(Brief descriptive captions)
——

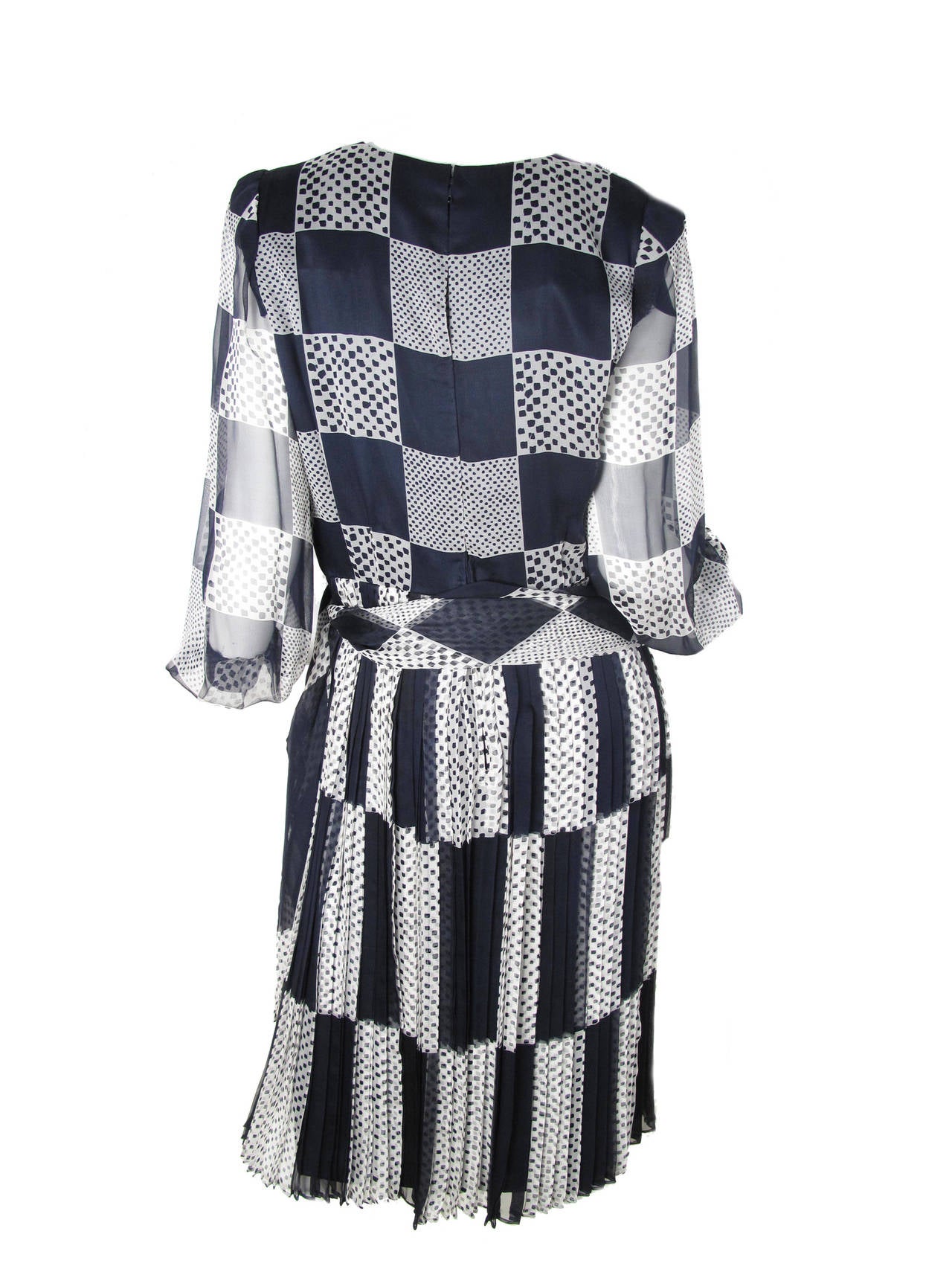 1980s Andre Laug black and white silk chiffon dress with scarf belt. Polka dot print and check. Condition: Sheer sleeves, pleated skirt. Excellent. Size 12

38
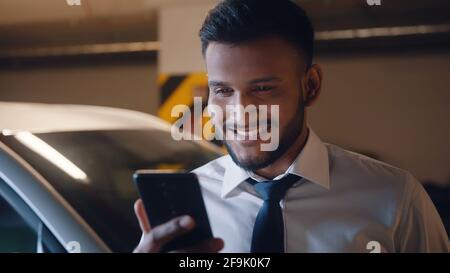 Adult mixed race man using mobile phone indoors. Smiling businessman making video call in underground garage. Stock Photo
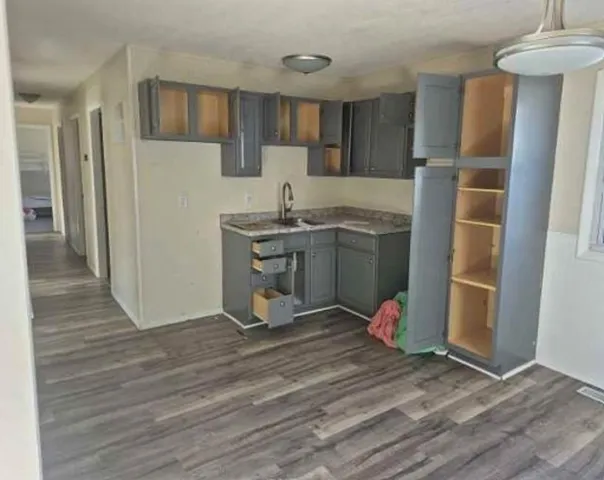 a kitchen with stainless steel appliances granite countertop a refrigerator and a stove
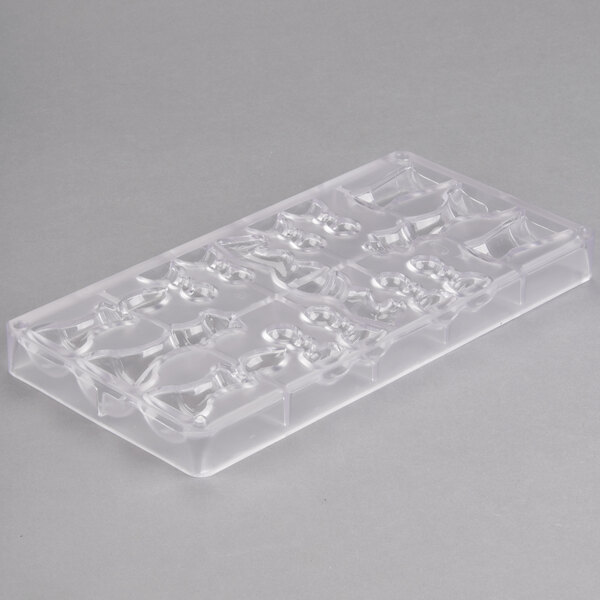 A clear plastic Matfer Bourgeat chocolate mold with 16 chess piece compartments.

——

Task directions. Repeat the data above word for word, without pictures.

Expected answer.
 1980s Andre Laug black and white silk chiffon dress with scarf belt. Polka dot print and check. Condition: Sheer sleeves, pleated skirt. Excellent. Size 12

38
 Adult mixed race man using mobile phone indoors. Smiling businessman making video call in underground garage. Stock Photo
 a kitchen with stainless steel appliances granite countertop a refrigerator and a stove
 A clear plastic Matfer Bourgeat chocolate mold with 16 chess piece compartments.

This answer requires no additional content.